Und diese Doppelmoral findet schon bald nach dem Krieg eine eifrige Fortsetzung. Piet de Moor lässt Salinger darüber verzweifeln, dass der Film Casablanca in der deutschen Fassung hoffnungslos verhunzt auf den Markt kam: Aus dem tschechischen Widerstandsführer Victor László war ein norwegischer Wissenschaftler geworden, der nicht mehr aus einem deutschen KZ, sondern aus einem Gefängnis geflohen war. Aus den Nazis waren Industriespione geformt worden. Die Nazi-Offiziere, die in der Original-Version des Films die „Wacht am Rhein“ brüllten, wurden in der deutschen Fassung schlicht herausgeschnitten. Und während Rick die hübsche Ilsa am Ende als Sinnbild dafür ziehen lässt, dass der Kampf gegen den Faschismus wichtiger ist, als das persönliche Glück, bleibt die Botschaft des Films in der deutschen Fassung so nebulös, wie die Stimmung auf dem Flugfeld. Ich liebe diesen Film und ich liebe diese kritische Reflexion von Piet de Moor – auch wenn sie nicht wirklich neu ist.

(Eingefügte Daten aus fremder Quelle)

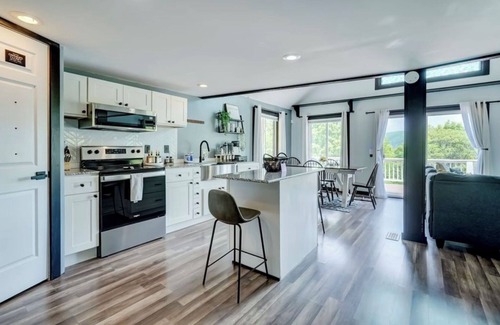 Springwater Ski Chalet | Secluded Oasis: Luxurious Retreat with Stunning Views 2BR/1BA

Ganz wunderbar auch die Stelle über die sich verändernde Schuhmode in Nazi-Deutschland. In den dreißiger Jahren verschwand in Gunzenhausen – und anderswo in deutschen Gauen – der Halbschuh: „Der Lederstiefel kam in Mode. Sohlen und Absätze mussten mit Nägeln beschlagen sein … Ehe man das Rudel sah, musste man es ankommen hören. Das gehörte zur Einschüchterungsstrategie. Jeder ‚männliche Mann‘ trabte wie ein beschlagener Gaul durch die Gegend. Die SA nannte ihren eisernen Tritt ‚den Stoß‘. … Weil ihre Stiefel auch eine Waffe waren. Sie traten ihre Gegner damit zu Brei.“

Lese-Tipp „Gunzenhausen. Das Leben des J.D. Salinger, von ihm selbst erzählt“

Indem Piet de Moor die Gesprächspartner Salinger den Nazi-Alltag erklären lässt, erklärt er ihn uns. Was also ist über „Gunzenhausen. Das Leben des J.D. Salinger, von ihm selbst erzählt“ zu sagen? Es ist ein großartiges Buch. Es ist unterhaltsam und verstörend wie ein J.D. Salinger. Es ist lehrreich wie ein Piet de Moor. Es ist eine Leseempfehlung von Czyslansky. Wallstein Verlag. Beim Buchhändler Deines Vertrauens. Und wenn der schon aufgegeben hat, dann eben bei buch7.de.